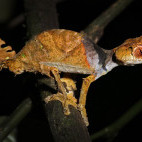 Satanic leaf-tailed gecko (uroplatus phantasti) in Madagascar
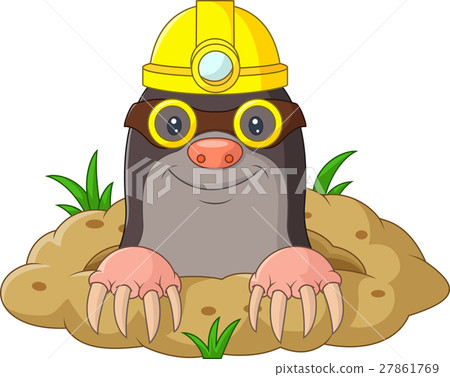 Cartoon funny mole wearing helmet and glasses 27861769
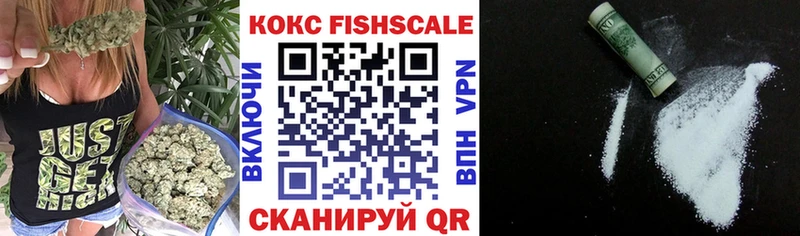 блэк спрут как зайти  купить наркотик  Ряжск  Кокаин FishScale 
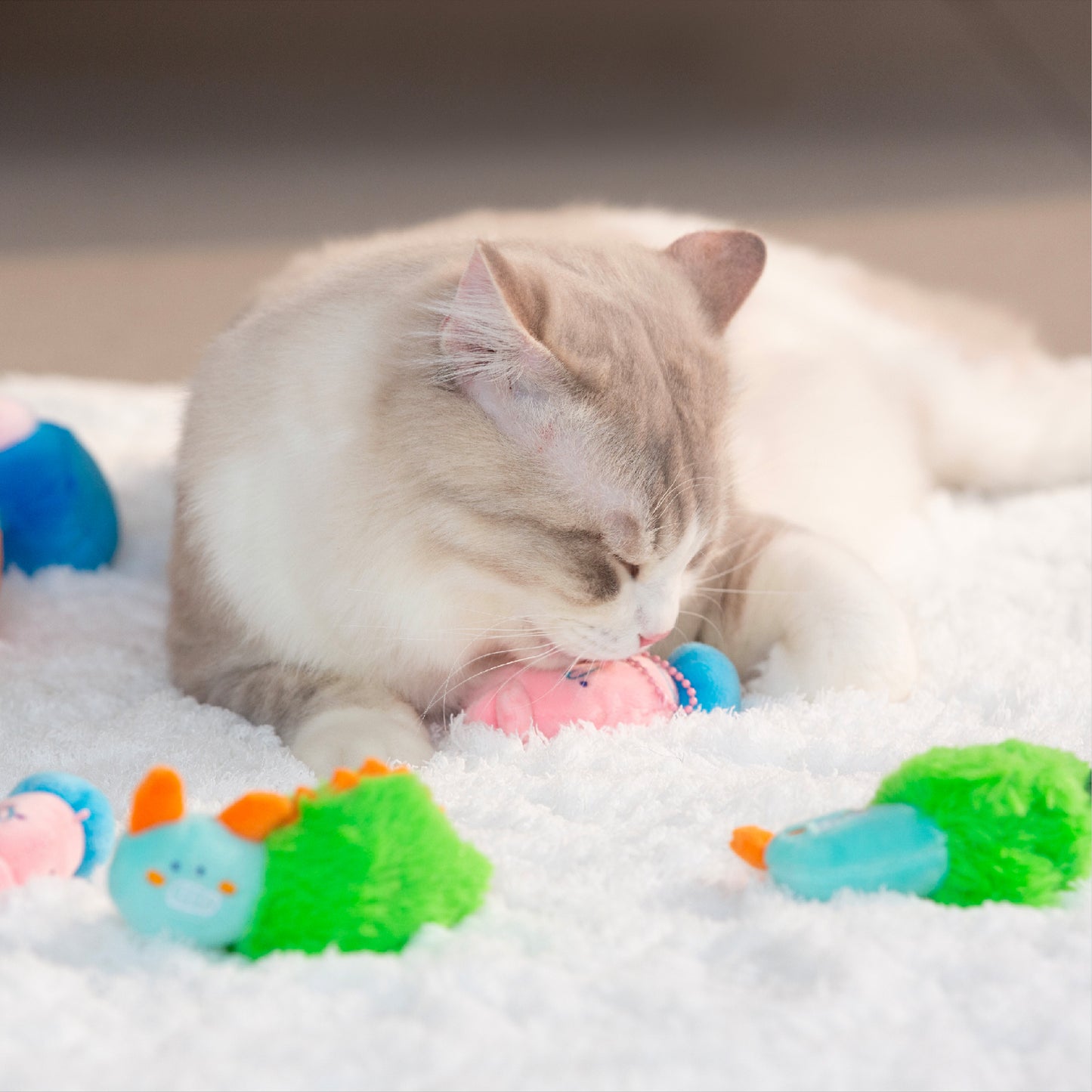 Ocean Series Dolls Mystery Box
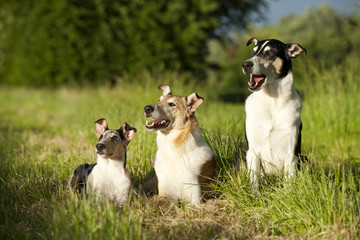 Fototapeta premium Drei Kurzhaar Collies liegen im Gras im Sommer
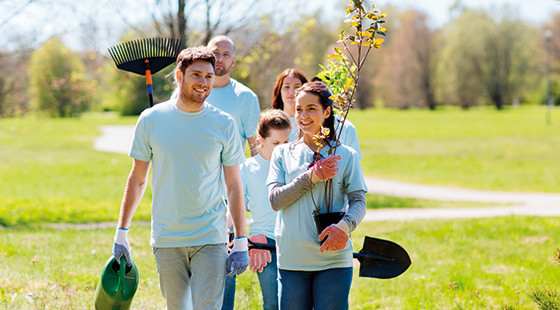 people planting trees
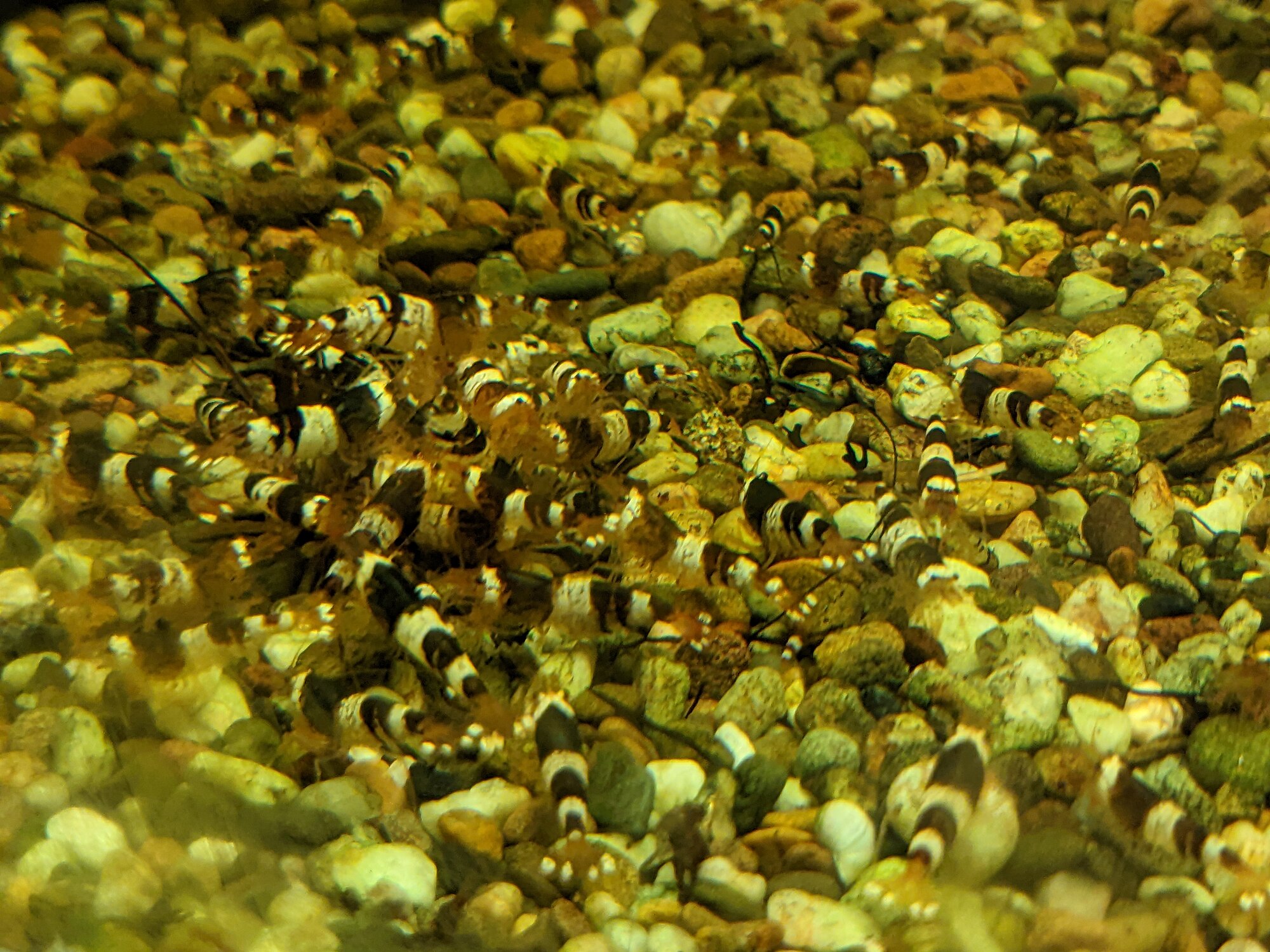 Thumbnail 2 Caridina cantonensis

# What this task involves
No picture is to be included when the lines from the one containing "Ocean Series Dolls Mystery Box" through the end of the material above are output exactly; nothing else is written.

# Output of the task
 Ocean Series Dolls Mystery Box
 Fototapeta premium Drei Kurzhaar Collies liegen im Gras im Sommer
 people planting trees
 Thumbnail 2 Caridina cantonensis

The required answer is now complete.